= Heinrich I of Pegnitz =

German noble (c. 1000 – c. 1043)

Heinrich I, Count of Pegnitz (c. 1000 – c. 1043) is a contested early ancestor of the House of Wittelsbach. He was born in Pegnitz to allegedly either Henry von Schweinfurt, Margrave of the Nordgau or Count Berthold of Schweinfurt (and either of their respective spouses). Thus meaning he was the paternal great-grandson or grandson of Arnulf, Duke of Bavaria, making him and the House of Wittelsbach descendants of the Luitpoldings.

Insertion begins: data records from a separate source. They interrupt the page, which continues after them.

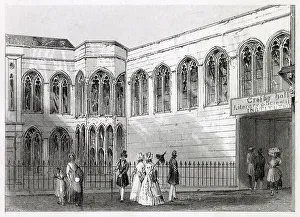 Crosby Collection: Exterior of Crosby Hall, Bishopsgate. Date: 1846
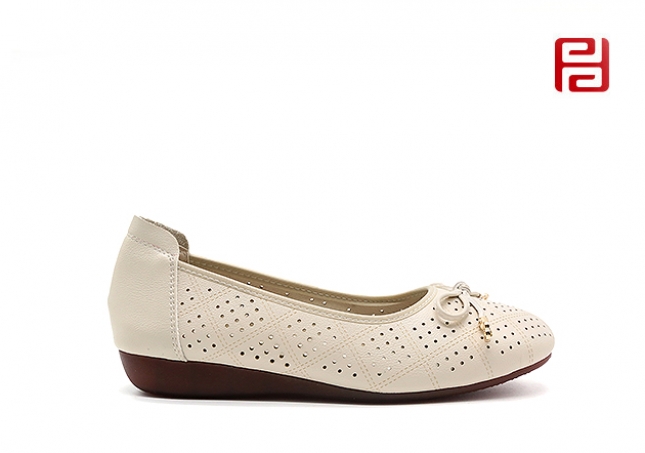 福連升夏季女鞋小芭蕾淺口鞋子低跟舒適休閑女鞋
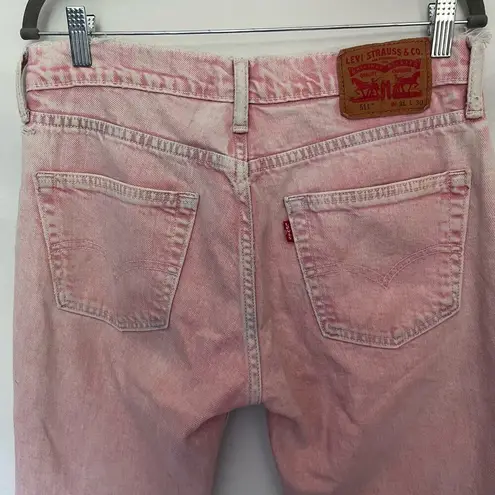 Levi's  511 Mens Slim Fit Jeans Sz 31x30 Pink Zeke Denim Casual 5 pockeet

His first wife was the daughter of Conrad, Count of Altdorf and his second wife was an unnamed Countess of Welf. Heinrich I died circa 1043 in Scheyern. He had 6 children who are as follows:
1. Otto I, Count of Scheyern - Founder of the House of Wittelsbach.
2. Konrad, Count of Lechsgemünd- Lord of Frontenhausen and of Reichspoldesberg.
3. Heinrich II, Count of Pegnitz.
4. Eberhard I von Vohburg-Schweinfurt - Bishop of Eichstätt from 1100 to 1112.
5. Marquis Otto of Schweinfurt.
6. Friedrich I, Count of Burg-Lengenfeld.